The video starts off with Estelle's glossy red lips filling the frame against a black background while reciting the refrain "I can be a freak." OK, fine. Until the camera pans out and we realize that that black background is really Estelle's whole face done up in
black makeup blackface. The combination of the red lips, white teeth, short hair and blackface screams pickaninny. All that's missing is bugged out eyes, fried chicken and watermelon. (Maybe that'll be in the director's cut?)
Estelle started defending the use of blackface before the full video even dropped thanks to the teaser that surfaced along with the single. She had this to say when asked about the controversy by MTV News:
"I think they need to wait to see the clip. I could defend myself, but it's just silly," Estelle said of the comments. "I'm black, so how do I do blackface? Missy did the same thing [with her video] "She's a Bitch." I refuse to defend it, I didn't put any white ring around my mouth -- never that."Good grief. Where do I even start? This woman needs a history lesson and a clue.
"I'm black, so how do I do blackface?"
Quite easily, Estelle. Back in the oppressive day, black stage performers had no choice but to perform in blackface if they wanted to perform at all. It wasn't an option to cake on "black makeup" for fun or sport or to be freaky in the 1800's. The blackfaced coloreds cooned their way across the U.S. in minstrel shows for the entertainment of the white masses. Kinda like...oh, never mind.
Missy did the same thing [with her video] "She's a Bitch."
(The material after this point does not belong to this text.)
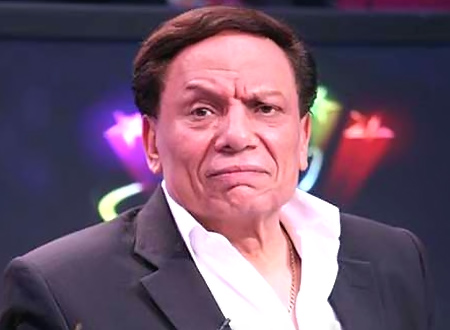 عادل امام يتصدر قائمة اغلى 10 نجوم رمضان بأجر 30 مليون جنيه عن “صاحب السعادة”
Oh did she now? Who prepped Estelle for this MTV interview because they did a very poor job if the best they could come up with was Missy's "She's a Bitch" as an
"I refuse to defend it, I didn't put any white ring around my mouth -- never that."
Sorry to break it to Estelle, but blackface with painted-on white lips was only one type of blackface. The practice started out with exaggerated red lips painted onto performer's faces who perfected the art of shucking, jiving and cooning. I fundamentally don't understand how this was even allowed to fly from the door. It was a horrendous look for Estelle. Point blank. Period.
As if Estelle's comments weren't ridiculous enough, the video's director, Nabil Elderkin, had this to say in the same MTV piece:
"We are making a video about Estelle acting freaky and we're gonna do lots of things: turns, fingers, beauty looks, freaky looks, fast dancers, it's gonna be hot."Hot? More like a hot @#&!ing mess. I'm sorry, but there's nothing freaky, beautiful nor acceptable about blackface. It's a disturbing remnant of America's racist past that has no place in the present. But perhaps Australian Elderkin didn't realize that at the time, coming from where he does. The ignorance card could very well have been played again. It works every time.
No Black person in their right or left mind that I know--be they from the United States, Caribbean, Africa, Europe and all points in between--would rock blackface. It's right next to dressing up like Hitler in the big book of Shit You Just Don't Do. Estelle doesn't get a pass being from England, she should know better, especially since blackface was performed on British stages as well. If Estelle still wants to assert that all this blackface talk is "silly," then that's her prerogative. I'll just be sure to look out for that Ku Klux Klan-style hooded outifit in her next video and avoid it all costs.